Required action: Report each line of the data that contains the string "Aerial".

[Stored entries]

+--

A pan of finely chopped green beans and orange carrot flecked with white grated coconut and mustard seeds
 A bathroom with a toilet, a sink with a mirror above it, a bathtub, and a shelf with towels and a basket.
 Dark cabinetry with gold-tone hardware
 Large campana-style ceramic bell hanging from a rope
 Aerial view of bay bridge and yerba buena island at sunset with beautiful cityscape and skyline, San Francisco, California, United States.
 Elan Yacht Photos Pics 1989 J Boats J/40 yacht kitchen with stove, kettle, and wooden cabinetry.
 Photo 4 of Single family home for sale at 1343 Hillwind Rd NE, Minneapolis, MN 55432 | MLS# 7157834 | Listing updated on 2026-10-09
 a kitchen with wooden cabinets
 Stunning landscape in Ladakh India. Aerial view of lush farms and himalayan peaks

+--

The answer:
 Aerial view of bay bridge and yerba buena island at sunset with beautiful cityscape and skyline, San Francisco, California, United States.
 Stunning landscape in Ladakh India. Aerial view of lush farms and himalayan peaks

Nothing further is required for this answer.